I also have a problem with the way and manner in which the Airport Police Commander, Chief Superintendent Yaw Tetegah, reportedly handled the case. First of all, CSP Tetegah ought to have rushed the assault victim to the hospital in order to have Ms. Ampadu examined by a qualified medical practitioner and her report of hot-pizza slap/assault either confirmed or disproved. Calling for more witnesses does not promptly remedy the immediate medical assistance which the victim was likely in dire need of; it would also have provided a far more forensically objective evidence upon which police prosecutors could build their case. Knowing what I have known almost from birth about the general caliber of Ghanaian witnesses, especially where the accuser of a criminal offense is a rich personality, particularly a non-African, this line of criminal investigation is unlikely to yield much that is helpful or meaningful towards the securing of justice for the victim and the necessary exaction of discipline from the alleged culprit.

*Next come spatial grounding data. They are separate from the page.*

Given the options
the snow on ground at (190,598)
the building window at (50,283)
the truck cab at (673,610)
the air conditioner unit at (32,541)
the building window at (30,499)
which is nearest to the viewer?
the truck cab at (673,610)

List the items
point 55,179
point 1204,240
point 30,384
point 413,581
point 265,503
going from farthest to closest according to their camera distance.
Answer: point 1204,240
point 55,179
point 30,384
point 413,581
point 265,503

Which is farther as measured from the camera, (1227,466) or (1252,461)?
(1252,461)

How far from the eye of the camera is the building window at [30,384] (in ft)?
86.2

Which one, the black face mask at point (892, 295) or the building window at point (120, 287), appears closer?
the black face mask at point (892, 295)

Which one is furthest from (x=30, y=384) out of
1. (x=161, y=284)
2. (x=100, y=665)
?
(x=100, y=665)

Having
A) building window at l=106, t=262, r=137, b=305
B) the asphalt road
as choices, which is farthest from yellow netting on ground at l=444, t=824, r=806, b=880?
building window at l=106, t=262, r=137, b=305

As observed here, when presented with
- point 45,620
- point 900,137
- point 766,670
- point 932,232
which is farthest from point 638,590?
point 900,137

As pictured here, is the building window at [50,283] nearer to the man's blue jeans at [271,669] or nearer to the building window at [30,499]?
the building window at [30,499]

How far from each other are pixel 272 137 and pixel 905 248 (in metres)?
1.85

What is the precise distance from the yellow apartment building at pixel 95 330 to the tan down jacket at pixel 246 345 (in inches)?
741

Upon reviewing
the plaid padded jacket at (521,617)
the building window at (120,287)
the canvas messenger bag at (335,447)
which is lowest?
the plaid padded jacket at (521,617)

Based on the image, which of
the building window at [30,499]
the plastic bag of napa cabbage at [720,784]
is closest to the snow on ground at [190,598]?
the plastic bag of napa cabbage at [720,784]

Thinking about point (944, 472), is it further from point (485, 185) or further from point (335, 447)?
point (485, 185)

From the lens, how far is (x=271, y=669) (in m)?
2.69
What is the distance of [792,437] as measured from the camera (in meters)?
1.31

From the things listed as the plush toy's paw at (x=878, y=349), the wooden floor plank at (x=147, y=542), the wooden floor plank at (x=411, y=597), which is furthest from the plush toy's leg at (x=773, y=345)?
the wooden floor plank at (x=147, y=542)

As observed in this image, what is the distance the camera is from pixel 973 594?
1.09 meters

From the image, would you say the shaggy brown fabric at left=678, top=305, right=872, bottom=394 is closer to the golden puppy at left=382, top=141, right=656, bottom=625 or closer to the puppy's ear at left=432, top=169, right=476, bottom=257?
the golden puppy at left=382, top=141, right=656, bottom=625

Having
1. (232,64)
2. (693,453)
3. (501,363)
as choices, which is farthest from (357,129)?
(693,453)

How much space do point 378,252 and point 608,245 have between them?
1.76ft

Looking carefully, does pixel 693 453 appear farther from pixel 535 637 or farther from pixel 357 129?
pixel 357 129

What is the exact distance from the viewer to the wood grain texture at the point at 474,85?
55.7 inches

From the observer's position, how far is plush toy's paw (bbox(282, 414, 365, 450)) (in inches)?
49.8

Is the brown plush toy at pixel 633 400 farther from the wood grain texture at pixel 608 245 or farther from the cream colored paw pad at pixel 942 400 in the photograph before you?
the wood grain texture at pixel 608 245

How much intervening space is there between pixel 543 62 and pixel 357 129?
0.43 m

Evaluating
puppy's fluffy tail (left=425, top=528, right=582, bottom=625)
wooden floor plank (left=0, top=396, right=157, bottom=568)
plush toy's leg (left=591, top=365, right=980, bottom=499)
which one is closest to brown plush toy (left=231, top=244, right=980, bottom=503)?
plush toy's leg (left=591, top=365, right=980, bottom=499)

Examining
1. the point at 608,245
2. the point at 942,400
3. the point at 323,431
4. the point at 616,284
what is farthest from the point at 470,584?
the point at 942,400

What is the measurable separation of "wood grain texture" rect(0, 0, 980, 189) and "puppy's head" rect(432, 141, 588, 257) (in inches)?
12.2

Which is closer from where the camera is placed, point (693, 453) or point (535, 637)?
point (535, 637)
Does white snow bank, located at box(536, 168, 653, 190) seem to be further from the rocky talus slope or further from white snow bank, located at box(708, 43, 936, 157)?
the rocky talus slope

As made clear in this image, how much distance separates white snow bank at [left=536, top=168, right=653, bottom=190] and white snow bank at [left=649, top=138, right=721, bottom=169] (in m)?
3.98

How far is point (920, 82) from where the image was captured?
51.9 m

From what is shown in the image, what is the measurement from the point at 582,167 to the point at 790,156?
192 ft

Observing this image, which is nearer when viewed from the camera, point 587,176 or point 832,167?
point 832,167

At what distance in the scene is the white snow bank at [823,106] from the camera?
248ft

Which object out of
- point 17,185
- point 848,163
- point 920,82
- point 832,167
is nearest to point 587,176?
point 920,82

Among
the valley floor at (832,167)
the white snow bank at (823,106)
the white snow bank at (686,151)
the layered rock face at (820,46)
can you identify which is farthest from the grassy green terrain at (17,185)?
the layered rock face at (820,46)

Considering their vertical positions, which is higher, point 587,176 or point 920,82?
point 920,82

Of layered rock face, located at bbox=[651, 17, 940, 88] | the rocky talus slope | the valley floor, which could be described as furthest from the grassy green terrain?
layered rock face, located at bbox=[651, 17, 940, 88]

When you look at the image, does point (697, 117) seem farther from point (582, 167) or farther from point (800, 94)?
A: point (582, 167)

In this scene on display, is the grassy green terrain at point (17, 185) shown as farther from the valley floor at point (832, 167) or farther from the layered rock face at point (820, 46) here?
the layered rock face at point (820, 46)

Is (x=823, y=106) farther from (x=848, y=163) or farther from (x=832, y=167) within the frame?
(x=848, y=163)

There is still an intolerably high level of inferiority complex, a pathological state of collective self-alienation that was partly engendered by Europe’s slavo-colonial domination of Africans. This postcolonial trauma may be aptly envisaged to have worsened over the years, as successive post-independence governments and their leaders have proven time and time again that the average African politician is scarcely the coequal of his/her European counterpart, in terms of managerial competence and leadership and/or social responsibility. As a people, our level of self-respect leaves much to be desired, and it is this geo-cultural anomaly into which the worst behavioral traits of predators like Mr. Gyu Lee find wanton expression.

In other words, my unmistaken contention here is that Mr. Gyu Lee behaved in the boorishly intemperate manner that he did not because he was a Korean and Asian by race and/or citizenship, but largely because Ghanaians have yet to adequately demonstrate to most of the non-African foreigners who live and conduct business among us that we place a high premium or value on the worth of our African humanity.